Lake Lucerne is seen as the heart and cradle of Switzerland. Since time immemorial it has shaped the life and identity of the people who live on its shores. The Museum of Art Lucerne’s major summer exhibition casts a bright light on the vast deluge of images of this stretch of water, to become an exhibition both about the essence of the lake and about the essence of images.

Avoiding linear chronology, art-works and pictorial documents from the mid-18th century to the present day have been brought together, including a cabinet of hitherto unpublished watercolours by William Turner, which he painted on one of his trips to Lucerne, a room of the monumental, heroic tableaux of Lake Uri (part of Lake Lucerne) by the famous Geneva landscape painter Alexandre Calame, and selected paintings by artists from Lovis Corinth to Gerhard Richter.

The exhibition also includes a wide variety of artistic, photographic and filmic documentation of life above and below the water table, along with special events around the lake, such as King Ludwig II of Bavaria’s enthusiasm for Schiller’s saga of William Tell in images from a film by Donatello and Fosco Dubini, or television presenter Kurt Felix’s candid-camera Nessie staging for a 1976 episode of the series Teleboy on Swiss Television. Various contemporary artists have created works specially for the exhibition, including the musician Cyrill Schläpfer with an extraordinary haul of sounds from Lake Lucerne that he processes into a symphonic composition, the artist Margaretha Dubach with a performative sculpture, or Peter Regli setting up a live-cam on his artificial island in the Reuss delta of Lake Uri.

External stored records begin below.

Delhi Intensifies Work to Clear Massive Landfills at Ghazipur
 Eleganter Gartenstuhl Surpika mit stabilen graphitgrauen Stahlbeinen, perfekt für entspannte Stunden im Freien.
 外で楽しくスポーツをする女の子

For the exhibition Elke Krystufek has painted a large self portrait embedded in the postcard panorama of Lucerne und Cécile Wick has realised a new series of photographs. The Swiss Federal Institute of Aquatic Science and Technology as well as the Institute of Geodesy and Photogrammetry of ETH Zurich provide exciting scientific images of Lake Lucerne, while documentary and historically interesting pictures by various photographers, like the well known Nidwalden Police photographer Arnold Odermatt for example, will be presented.

The exhibition Paintings of Lake Lucerne promises a feast for the eye and nourishment for the soul. A surprising tour of discovery through «le plus beau pays du monde» (as Calame called the region), a ramble through history and a plunge into the world of images.